TASK DESCRIPTION => Down to the last line, transcribe the records verbatim and exclude the images.

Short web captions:
┏━━

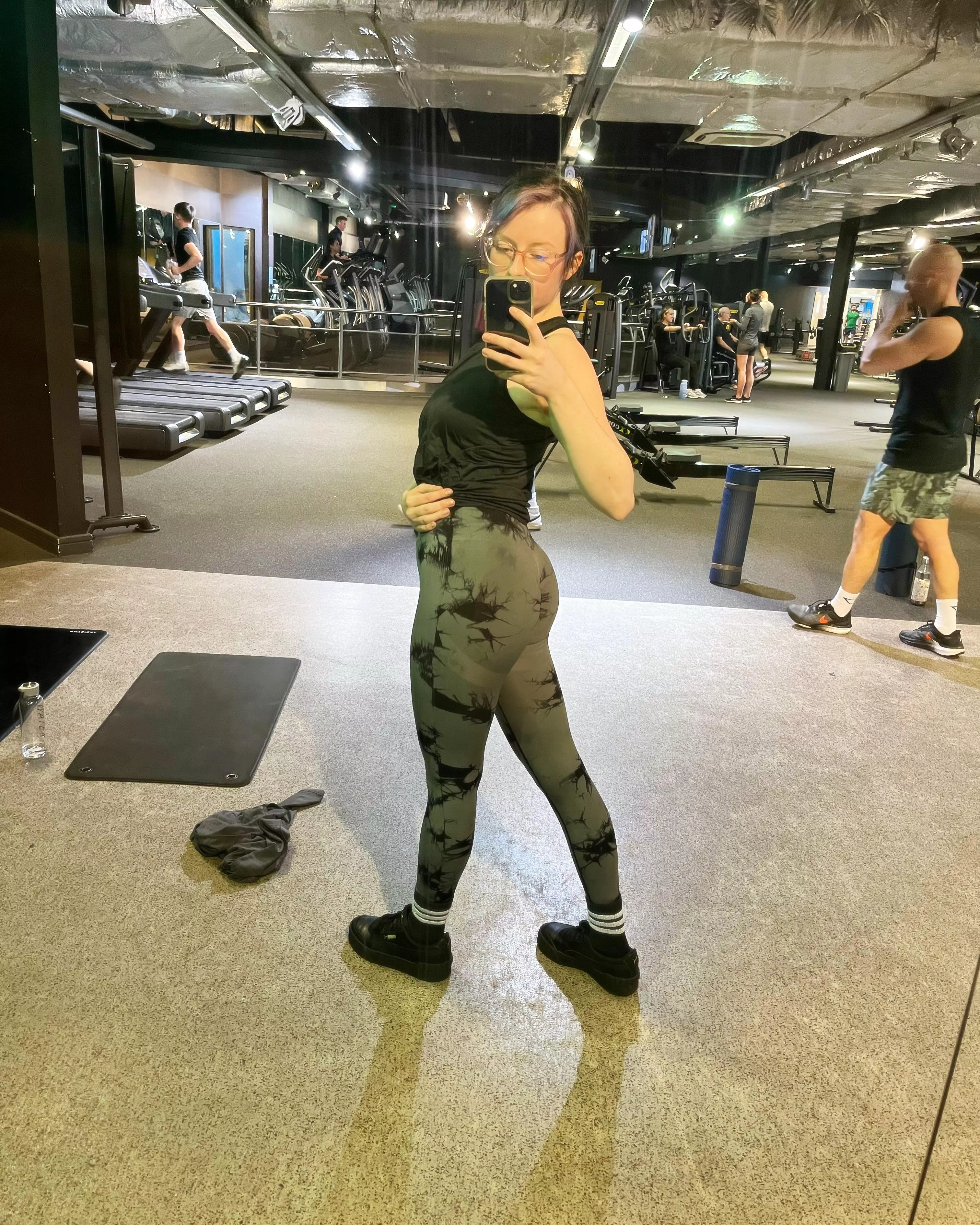 Post workout pic after leg day…. I sweat so much! 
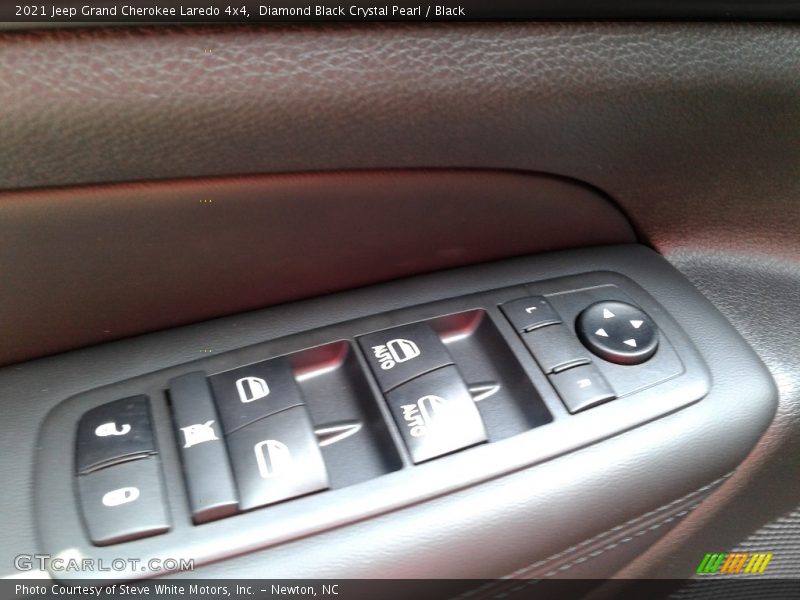 Diamond Black Crystal Pearl / Black 2021 Jeep Grand Cherokee Laredo 4x4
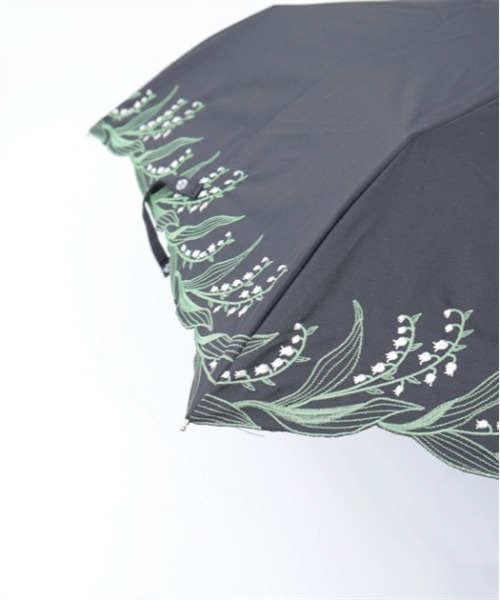 axes femme（アクシーズファム）の「スズラン刺繍晴雨兼用折傘（折りたたみ傘・レディース・ブラック・FREE）」の5枚目の写真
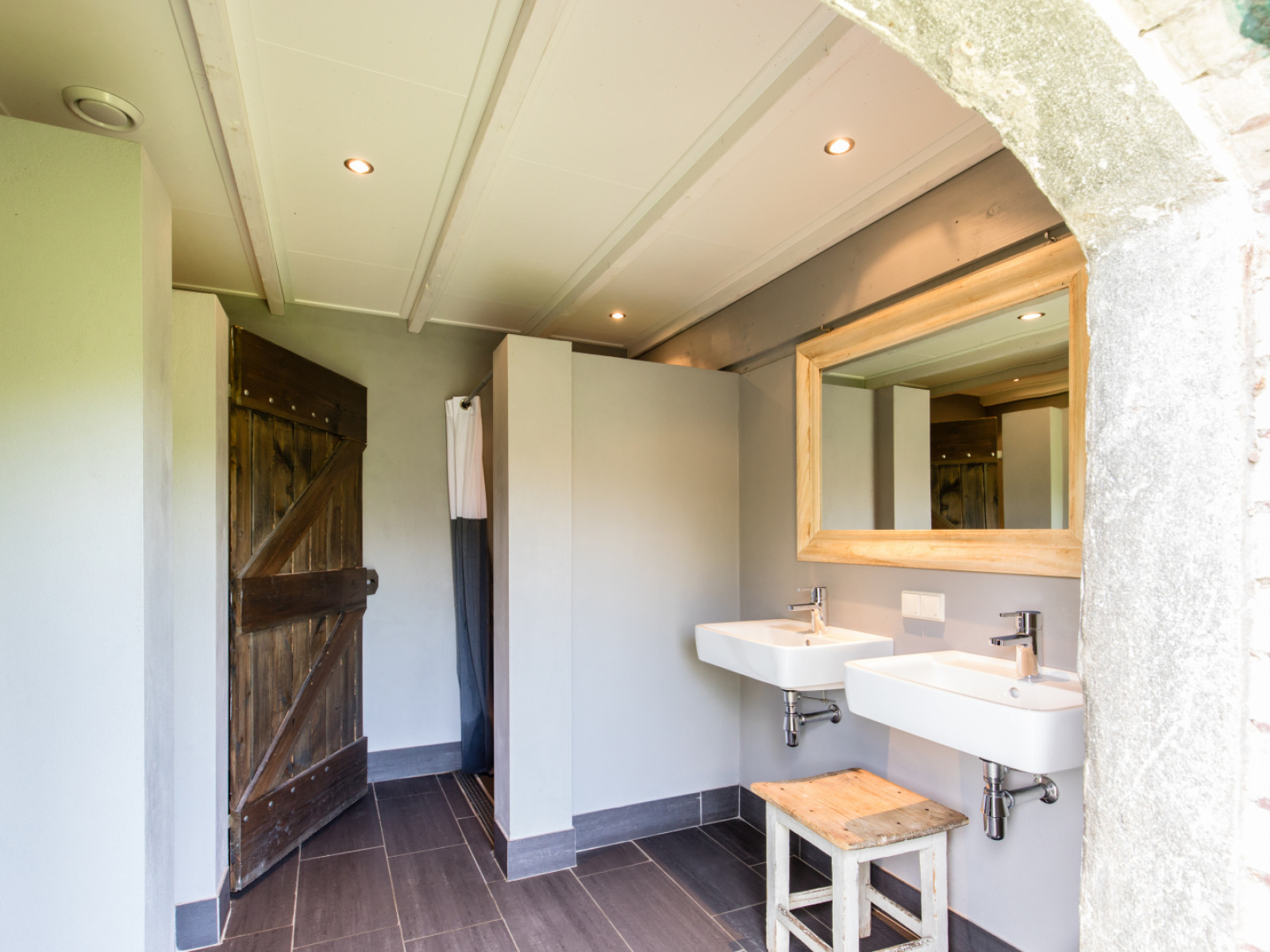 WiesenBett La Ferme de Penquelen Huella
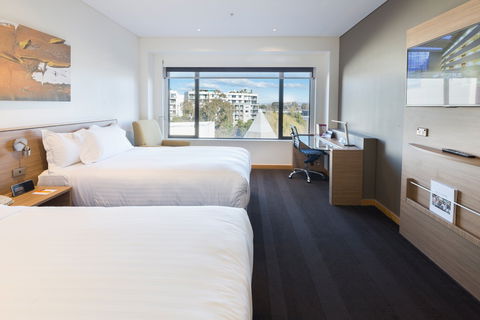 Crowne Plaza Canberra - Accommodation VIC 6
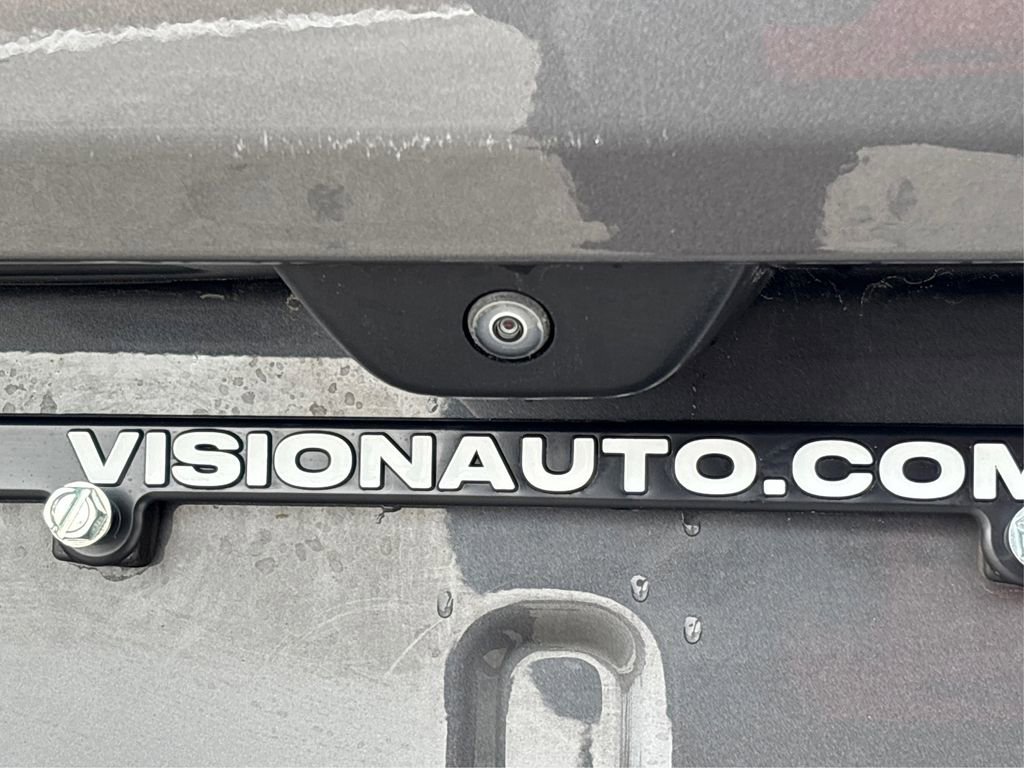 Used 2022 Jeep Grand Cherokee L Limited image 16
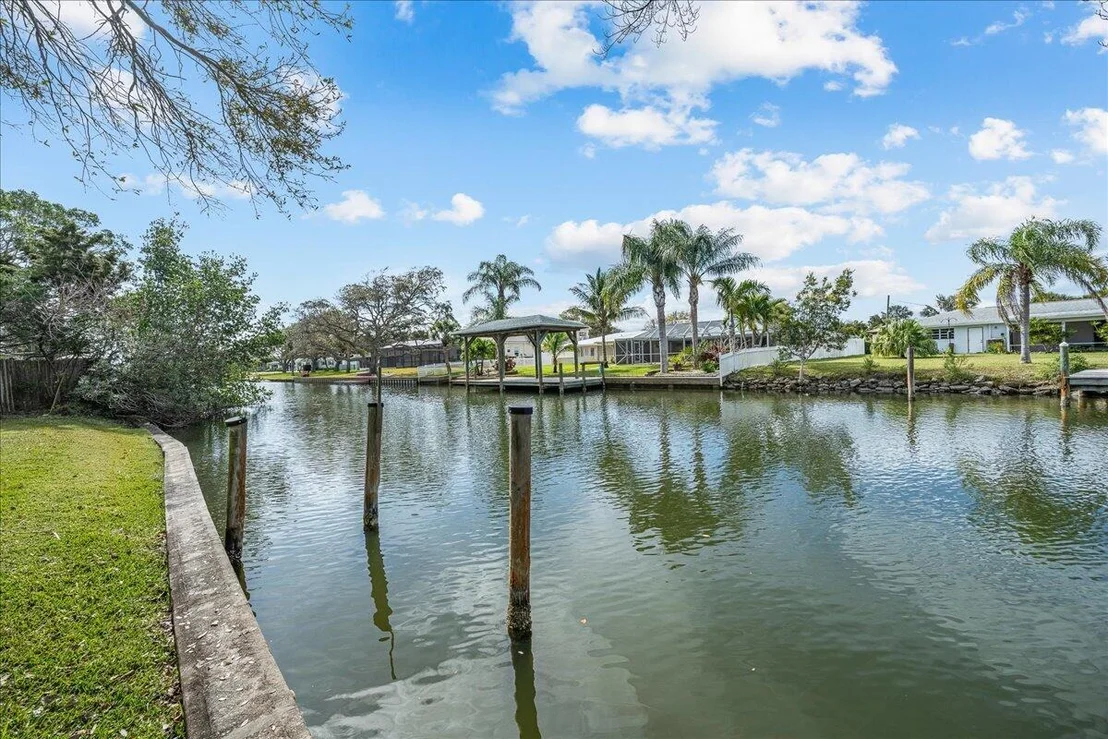 Photo of 1748 Bay Shore Drive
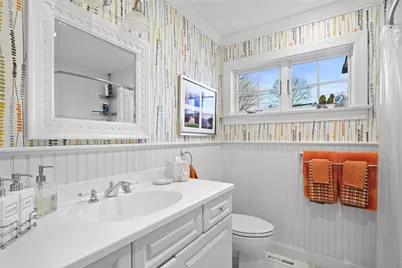 28 Pond Avenue, Newport, RI 02840 - Photo 20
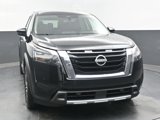 New 2025 Nissan Pathfinder Platinum image 2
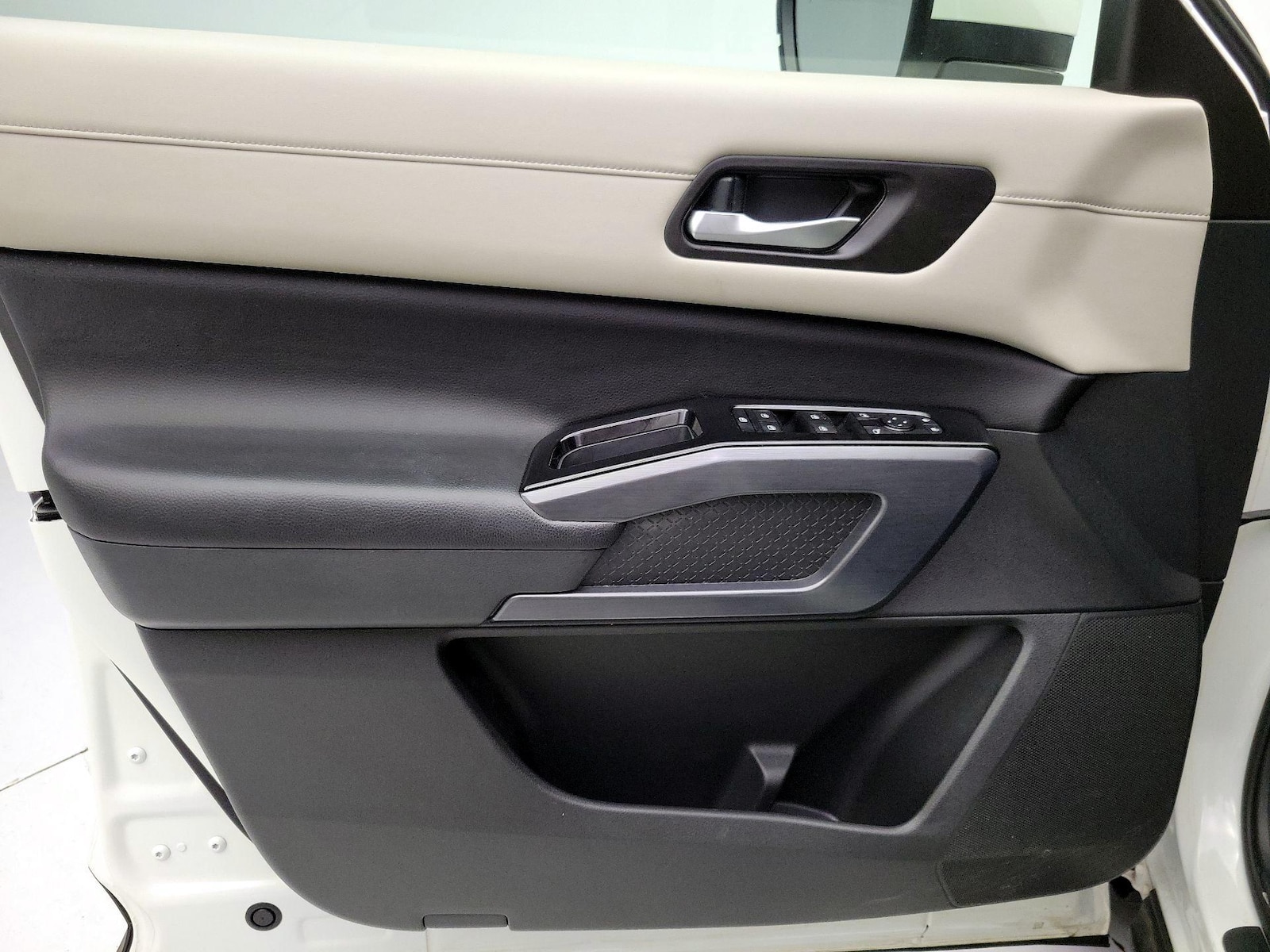 2023 Nissan Pathfinder SL - Photo 13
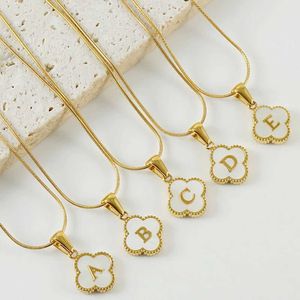 Hänghalsband SNQP rostfritt stål hänge med initial bokstav Lucky Clover Shell Gold Color Halsband för kvinnor smycken gåva 240410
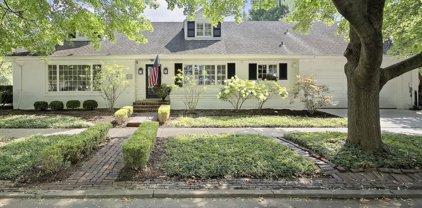 800 S Waiola Avenue, La Grange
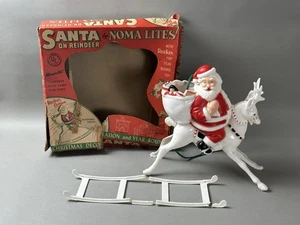 Vintage 50er Hartplastik Lite Up Noma Weihnachtsmann auf Rentier Nr 723 mit Box - Bild 1 von 19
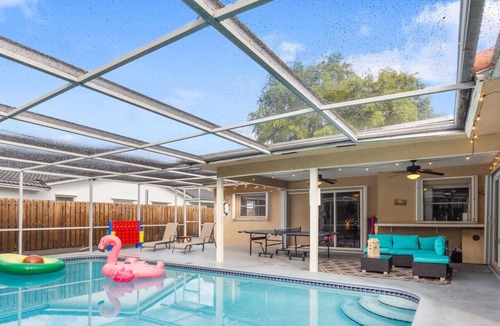Coral Springs House | Luxury Home | Pool | Arcade | Pompano Beach | Wifi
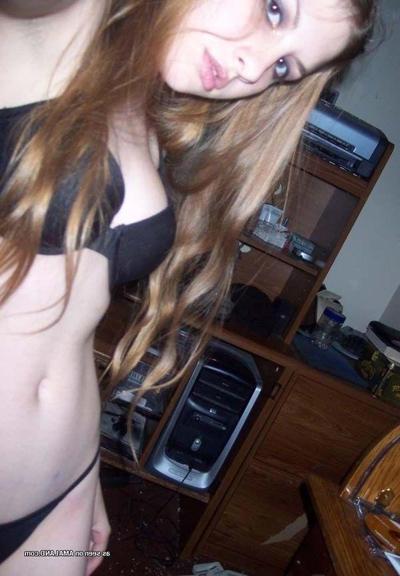 16P Pictures of an incredible girlfriend showing off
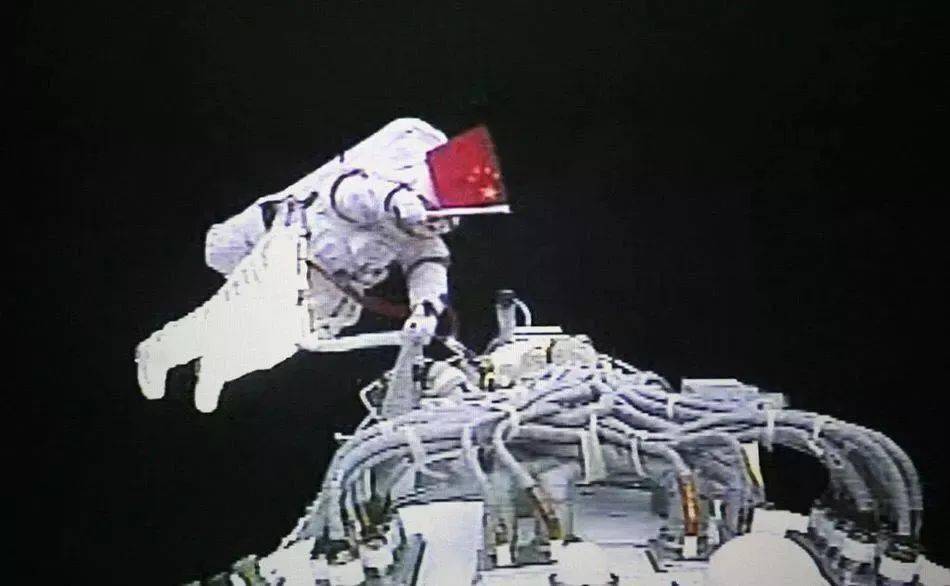 翟志刚完成中国人首次太空行走2008年12月18日,中国邮政发行《改革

┗━━

ANSWER TO THIS PROBLEM =>
 Post workout pic after leg day…. I sweat so much! 
 Diamond Black Crystal Pearl / Black 2021 Jeep Grand Cherokee Laredo 4x4
 axes femme（アクシーズファム）の「スズラン刺繍晴雨兼用折傘（折りたたみ傘・レディース・ブラック・FREE）」の5枚目の写真
 WiesenBett La Ferme de Penquelen Huella
 Crowne Plaza Canberra - Accommodation VIC 6
 Used 2022 Jeep Grand Cherokee L Limited image 16
 Photo of 1748 Bay Shore Drive
 28 Pond Avenue, Newport, RI 02840 - Photo 20
 New 2025 Nissan Pathfinder Platinum image 2
 2023 Nissan Pathfinder SL - Photo 13
 Hänghalsband SNQP rostfritt stål hänge med initial bokstav Lucky Clover Shell Gold Color Halsband för kvinnor smycken gåva 240410
 800 S Waiola Avenue, La Grange
 Vintage 50er Hartplastik Lite Up Noma Weihnachtsmann auf Rentier Nr 723 mit Box - Bild 1 von 19
Coral Springs House | Luxury Home | Pool | Arcade | Pompano Beach | Wifi
 16P Pictures of an incredible girlfriend showing off
 翟志刚完成中国人首次太空行走2008年12月18日,中国邮政发行《改革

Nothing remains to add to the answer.